**Dataset section:**
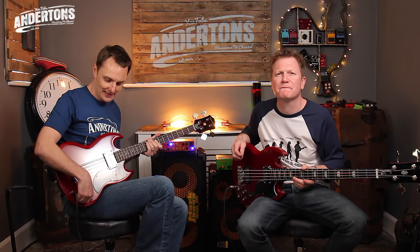We thought we'd jump back in history, 60-odd years, and grab a couple of copies of Gibson's early forays into the world of electric bass. So we've got the classic — these are Epiphone guitars, so very, very affordable — with the EBO, and Nathan has the EB3.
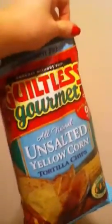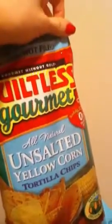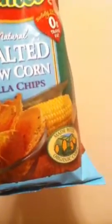Hey guys, it's Master Trainer Allie B, and look at what I got here. Unsalted yellow corn chips, Guiltless Gourmet, and they're made from organic corn.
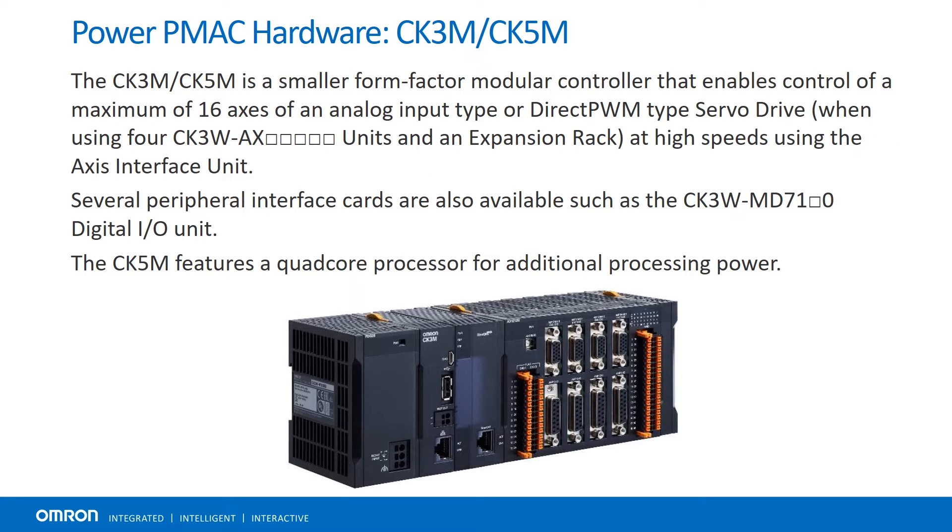The CK3M and CK5M are similar modular systems with more compact, snapped-together hardware. These systems allow for integration of up to 16 axes of local analog input or direct PWM-type servo drives. There are several available interface cards, including the Galvel control module that enables precise laser control for glass etching or laser sintering applications.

**Work task:**
Repeat the lines from the line containing "Hey guys, it's" through the end of the material above exactly, with no pictures and nothing else.

**Task response:**
Hey guys, it's Master Trainer Allie B, and look at what I got here. Unsalted yellow corn chips, Guiltless Gourmet, and they're made from organic corn.
The CK3M and CK5M are similar modular systems with more compact, snapped-together hardware. These systems allow for integration of up to 16 axes of local analog input or direct PWM-type servo drives. There are several available interface cards, including the Galvel control module that enables precise laser control for glass etching or laser sintering applications.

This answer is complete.